Uptycs, an information security company, has discovered a new credential-stealing malware called Zaraza bot, which is sold on Telegram and uses the messenger as a command and control server (C2, C&C).
Zaraza bot targets a large number of web browsers and is actively spreading on the Telegram channel, which is popular among cybercriminals. Once the malware infects the victim's computer, it extracts sensitive data and sends it to a Telegram bot controlled by the attacker.
Zaraza bot is a 64-bit binary compiled with C#. When infected, the malware extracts all possible credentials stored on the victim's computer. Specifically, the stealer targets 38 different web browsers, including Google Chrome, Microsoft Edge, Opera, AVG Browser, Brave, Vivaldi, and Yandex. The stealer is also capable of taking screenshots of the active window.

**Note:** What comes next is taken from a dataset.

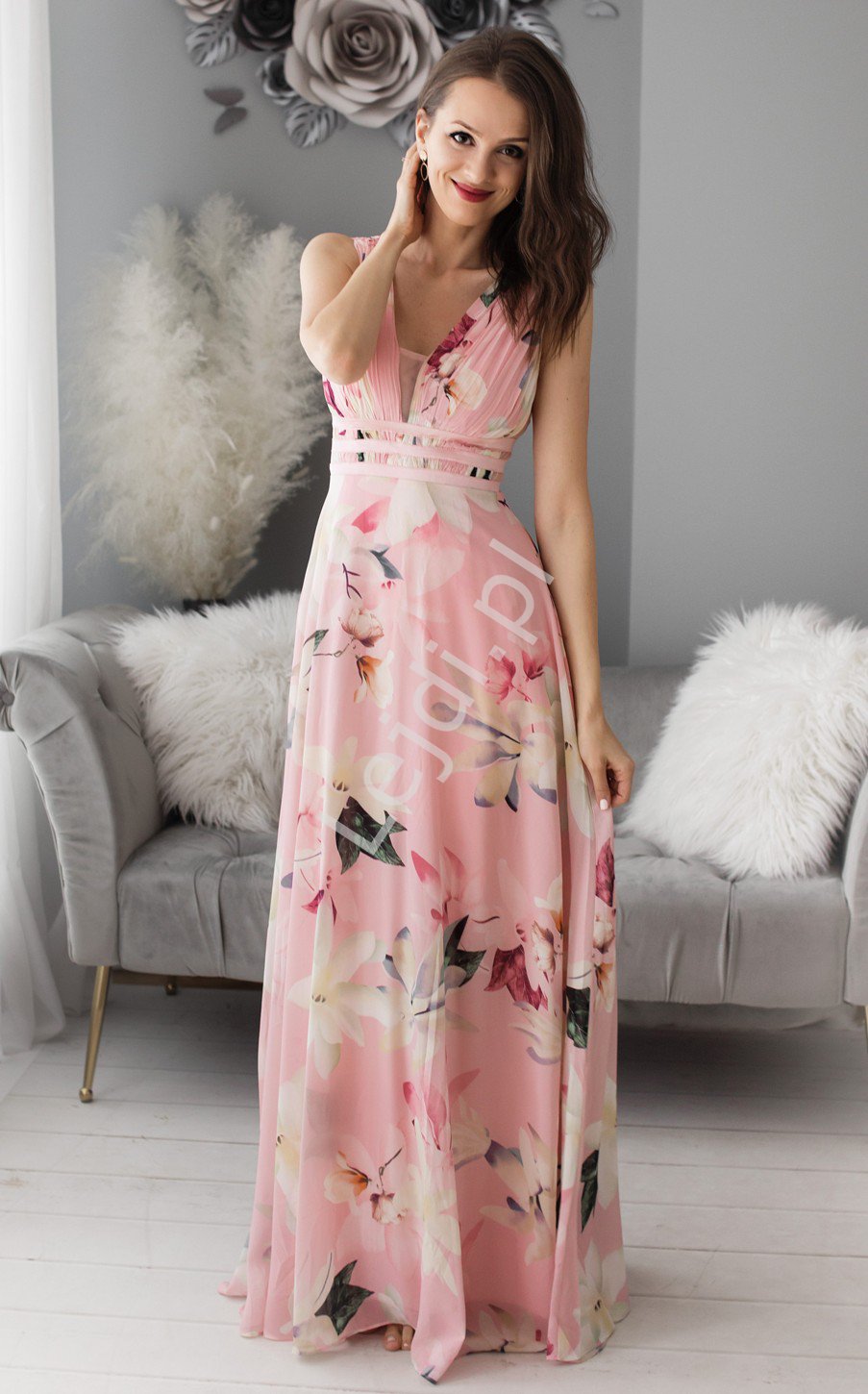 Fenomenalna suknia w kwiaty na jasno różowym tle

Note that the web browser stores credentials in the system in two encrypted formats (new versions of the browser use v80 password signing, and older versions use the Windows DPAPI function), but Zaraza bot is able to decrypt both formats.
The Zaraza bot then extracts credentials from online banking, cryptocurrency wallets, email, and other websites. The stolen data can then be used by hackers for malicious purposes such as identity theft, financial fraud, and unauthorized access to personal and corporate accounts.
According to Uptycs, the Zaraza bot is offered to other cybercriminals as a commercial tool for a subscription. It should be noted that access to the Telegram bot for subscribing is limited. Because of this, the Uptycs research team was unable to interact with the bot.
Analyzing HTTPS packets, the experts found that the Zaraza bot intercepted data containing the nickname and account information of a Russian user. This indicates that the Russian user is associated with either the bot administrator or a cybercriminal using the Zaraza bot.
It is currently unclear how the Zaraza bot is distributed, but in the past, cybercriminals commonly used 2 methods of distribution: malicious advertising and social engineering. To reduce the risk of stealer attacks, users are encouraged to use two-factor authentication (2FA) and apply software and OS updates as they become available.
The Uptycs findings come after the Microsoft Threat Intelligence team announced a new phishing campaign targeting accounting firms and tax authorities using the GuLoader downloader, which installs the Remcos RAT trojan, allowing initial access to corporate networks.